Saturday, April 5, 2008

Le Macaron




I know that I have been absent for a little while and I apologize. I have been baking up a storm and let me say, I am a woman possessed. Let me start at the beginning. The internet is a wonderful thing but it can also be dangerous as in my case! I happened to come across a picture of Pierre Herme's famous macarons. For those who are unfamiliar, Pierre Herme is a famous french pastry chef who makes the most beautiful macarons. Now don't get confused when I say macaron, I am not talking about the american "macaroon" made of coconut. I am talking about the french macaron that is made from egg whites, almond flour, powdered sugar and filled with pastry cream, ganach or buttercream.
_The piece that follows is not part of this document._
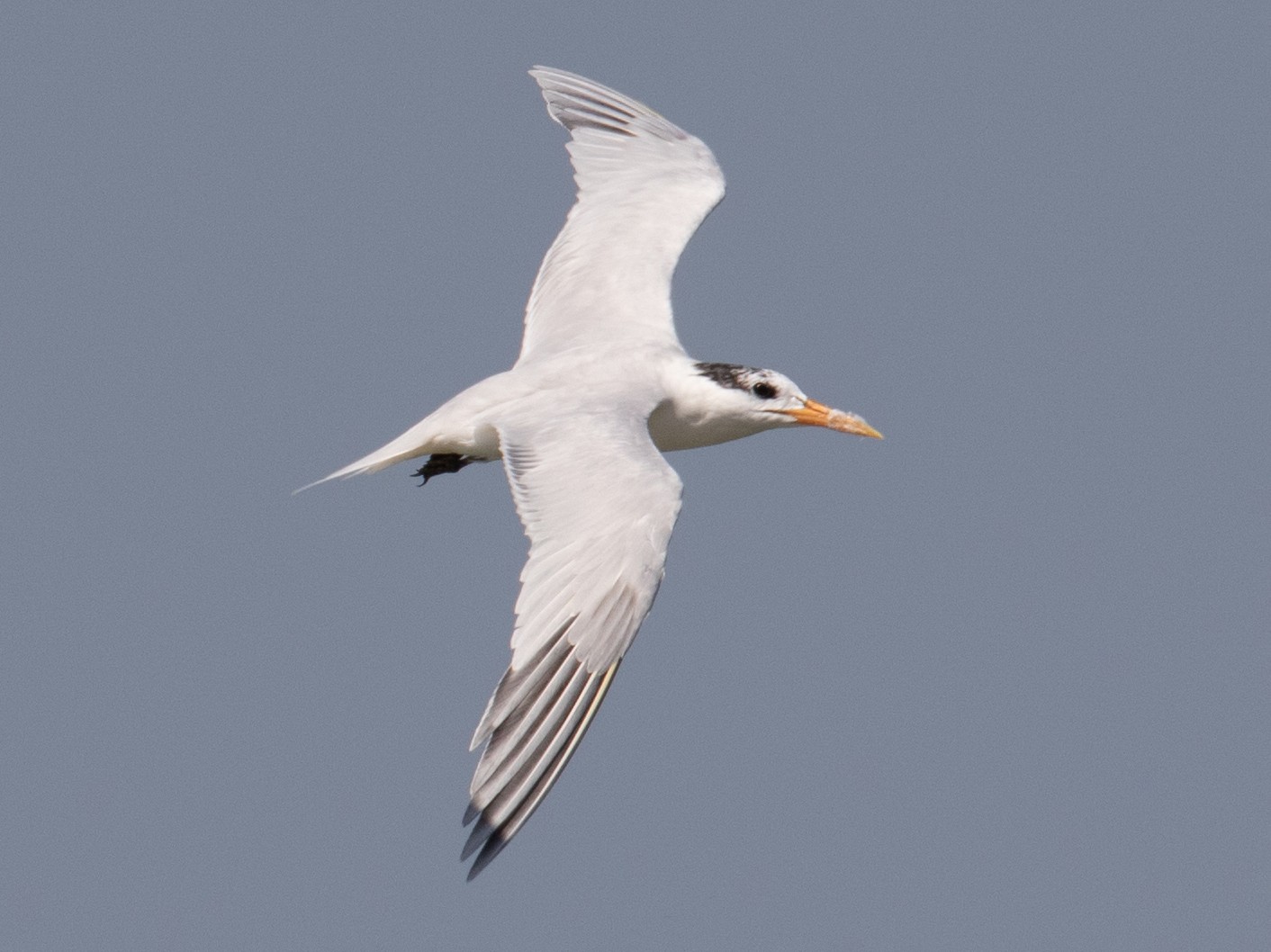 West African Crested Tern - James Kennerley 🦖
Once I saw them I knew that I needed to make them since it was a sure bet that I'd never make my way to one of his shops in Paris.

Then, I came across a post by the amazing Helen of Tartlette. She makes the most beautiful macarons among other things and for the first time, I found a recipe that wasn't in french. It was metric, but I thought that as long as I converted it it wouldn't be a problem. Here is where I was wrong, and nothing makes me more compulsive then not being able to do something. Now, after many attempts, here is what I have learned about the finicky macaron. It is not about the recipe, it's about the technique. Anyone can make a batch of cookies if they just follow the recipe, but the macaron is different. I like to think of it more like bread. You may have a recipe for bread, but unless you know how the dough should feel, it's pretty hard to make a great loaf of bread. But I must say, I think that the macaron is a little more picky, if you don't mix it enough, the macarons will be tough and dry, if you mix it too much, they will be flat as a pancake. So, how can you tell when you've mixed it just the right amount? This is where my obsession has taken me this week, trial and error until at last, I came up with something that resembles a macaron. I am not happy with the color and wish my almonds were ground finer, but all in all I am pretty pleased with myself. I am not done though, now that I've got the basics down, it's on to the flavor. If only I could read french so I could follow Pierre Herme's recipes!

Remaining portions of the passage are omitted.